160 Years of Fossil Starfish
In April 1859, Rev. David Honeyman gave a public lecture on geology, describing the fossils and rocks at Arisaig, Nova Scotia. In his first published paper, David Honeyman reviewed the diversity of fossils he found along the scenic cliffs at Arisaig. Honeyman summarized the brachiopods, cephalopods, and crinoids, but the first fossil he mentioned was a tiny fossil starfish that he had sent to Dr. Dawson.
“The Uraster is different from any of the five figured and described in Murchison’s Siluria. The original cast was given to Dr. Dawson and a wax impression retained. It bears a striking resemblance to the common star-fish of our coasts, and doubtless the habits of the ancient corresponded with those of the modern.” (pg 20)
After reviewing the fossil taxa that he had identified, Honeyman brought together his observations of the fossils to reconstruct and describe an ancient marine landscape preserved among the coastal cliffs.
“Our imagination takes its flight ;—in ages long gone we exist;—in old ocean’s still abyss, at a depth of seventy fathoms, we take our stand. We survey below, above, and around us ; there is life, activity and beauty. The Star-fish is bestirring itself ; he expands his rays ; he protrudes his feet ; he advances and climbs in search of his testaceous food. The Crinoid, whose name is legion, of varied size and beauty, with foot firmly attached to the rock, exercises its numerous joints and plies its busy fingers in search of food, or in conveying the tiny morsel to its proper receptacle.” (page 28)
“In conclusion, we see generation after generation becoming extinct—entombed in the clay of the ocean’s bed — this bed, by mechanical and chemical agencies converted into successive layers of rock—shoals of conchifers and their contemporaries, by means of their houses, forming interstratified limestone. We see nature, by chemical constituents of these rocks, oftentimes embalming their entombed inhabitants as no Egyptian physician could embalm; not to present, after a few thousand years, a dry and withered mummy, but, after years whose numbers we cannot imagine, to present them almost, if not altogether, as lovely as when they were at first entombed.” (page 28-29)
After his first publication in geology, David Honeyman would go on to make significant contributions as a geologist and as the first curator of the Nova Scotia Museum (#FindingHoneyman). The tiny fossil starfish from Arisaig was there when David Honeyman began his study of the geology of Nova Scotia.
Modern Research of Fossil Starfish
Today, 160 years after Honeyman's first paper, the Nova Scotia Museum was visited by Dr. Fred Hotchkiss from the Marine & Paleobiological Research Institute in Massachusetts. During his visit to Halifax, Dr. Hotchkiss also identified papers that discussed and described the fossil starfish that Honeyman originally wrote about in 1859. A paper by Donovan and Pickerill (1995) summarized that Honeyman’s starfish had been described as Mesopalaeaster parviusculus by Charles Schuchert in 1915. With this new information at hand, we contacted colleagues at the Redpath Museum who provided us with an image of the historic Nova Scotia fossil.

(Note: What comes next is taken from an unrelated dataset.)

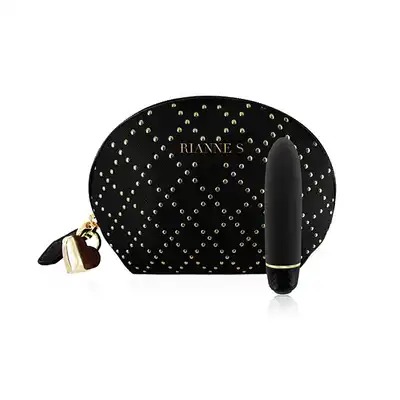 Rianne S - Classique Stud Black. Silikonowy mini wibrator z kosmetyczką.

Above: Composite photograph of the historic specimen label and the small impression of starfish fossil that was mentioned by David Honeyman in his first geological paper in 1859. Photograph of the Mesopalaeaster parviusculus specimen (RM1586) used with permission of Redpath Museum, McGill University.
While in Halifax, Dr. Hotchkiss also shared information about his research during a public talk “Starfish and the Number Five” during a lunch-hour lecture at the Museum of Natural History. The lecture was attended by faculty and students from Acadia University, Halifax Field Naturalists, as well as the biology and curatorial staff at the Museum. The talk provided an informative overview of starfish that was creatively organized around the poem by Dr. Tatsuo Motokawa.

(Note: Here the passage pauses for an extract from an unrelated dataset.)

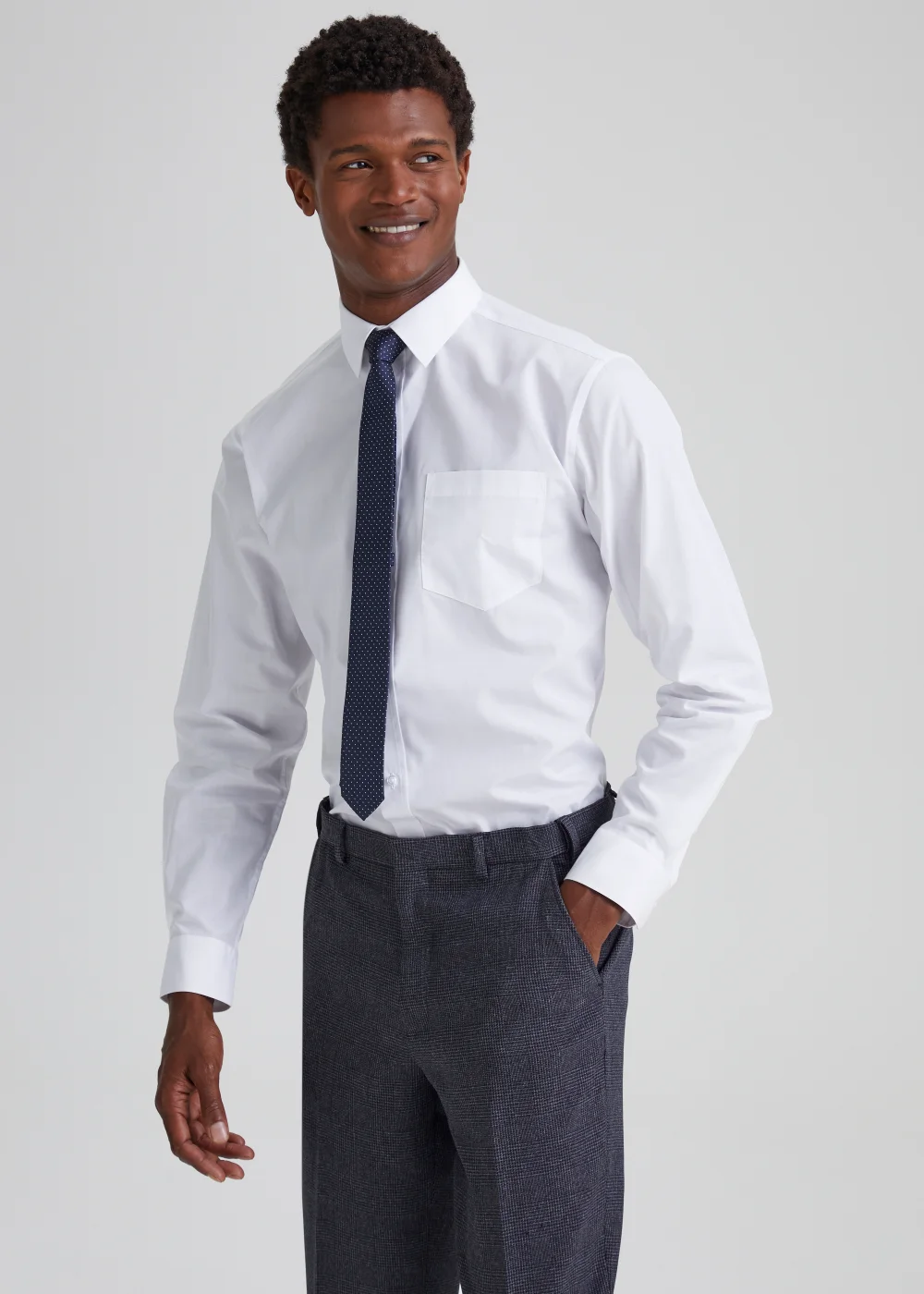 Taylor & Wright White Regular Fit Shirt & Tie Set - 15.5 Collar Image 1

Dr. Hotchkiss was also returning a loan of research specimens, originally collected by Peter von Bitter back in 1967 and Dr. Reg Moore (Acadia University) in the 1980s. The research specimens are tiny fossil brittle stars (Ophioroids) that are over 300 million years old. Drs. Hotchkiss and von Bitter are studying the tiny fossils that will be described in a new publication.

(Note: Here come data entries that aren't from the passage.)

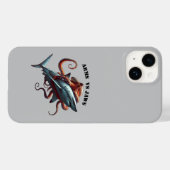 ホオジロザメに巻きつくタコ URM Case-Mate iPhoneケース (裏面 (横))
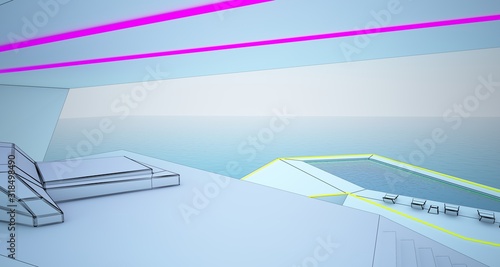 Abstract drawing architectural white interior of a modern villa on the sea with colored neon lighting. 3D illustration and rendering.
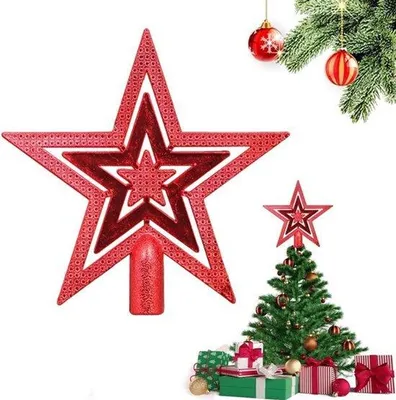 Image de Décoration de sapin de Noël rouge, pour intérieur et extérieur - Décoration festive de Noël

Above: Detail of 300 million year old Brittle Star fossils from Nova Scotia currently being studied by Dr. Hotchkiss. Photograph by Nova Scotia Museum, 2019.
160 Years and Counting
The recent public talk, the new research of the new brittle-star fossils, and ongoing research of historical collections demonstrate how David Honeyman’s early fascination with a fossil starfish continues to lead to new discoveries, sharing and learning in natural history – even after 160 years fossil starfish still capture our imagination.
Historical and recently discovered Nova Scotia fossils continue to play an important role in new research. Special thanks to Dr. Hotchkiss, and to Alexandra Bonham (Dalhousie University) for contributions to preliminary background research and Anthony Howell (Redpath Museum) for assistance with collections.
Article By: Dr. Tim Fedak - Curator of Geology.